Date Wed, 12 Apr 2006 04:00:01 GMT
Hi Owen,
Thanks for your erudite reply.
On Tue, 2006-04-11 at 12:41 +0200, Boyle Owen wrote: 
> Bandwidth = no. of bytes per unit time
> 
> Originally, you asked about "number of times a file can be downloaded". That
>  sounds like you wanted to make a scalar count of the
> number of downloads and limit it to, say, 10. So the file would be inaccessible
>  after 10 downloads no matter if the 10 had been
> downloaded all at the same time or over the course of several days. That would
>  be an entirely different thing. It's like the 
> difference between the range and the speed of a car...
> 
> Controlling bandwidth means you want to limit the number of concurrent connections
>  and/or the rate at which each client is served.
> So go to http://modules.apache.org/search and search for "throttle". That will get 
> you started.

I am actually well aware of all of the technical meanings of the word
bandwidth. However, I was using the word in the colloquial sense -- that
is bandwidth as a limited commodity which costs money.

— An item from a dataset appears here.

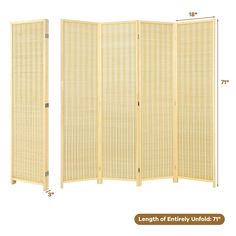 a tall room divider with measurements for each panel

After a certain limit my host charges by the megabyte. So I do not want
to pay for anyone to view this video clip, just the people that I send
the link to. So yes I am talking about controlling access. However I do
not care if a recipient emails the video clip as an attachment to a
friend. I just do not want that friend accessing my web server. Making a
scalar count of the number of times the file has been downloaded would
also serve my purpose as it would allow me to cap the bandwidth cost of
this mail out. I am not concerned about the number of concurrent
connections so I do not need throttling. I am concerned about minimising
the number of megabytes of data delivered by my web server.

> Now I'm even more confused... Are you talking about controlling access? (ie, you
>  don't want someone who gets a copy of the mail to
>  access the file?)

Yes. But I don't care if they receive the file as an attachment.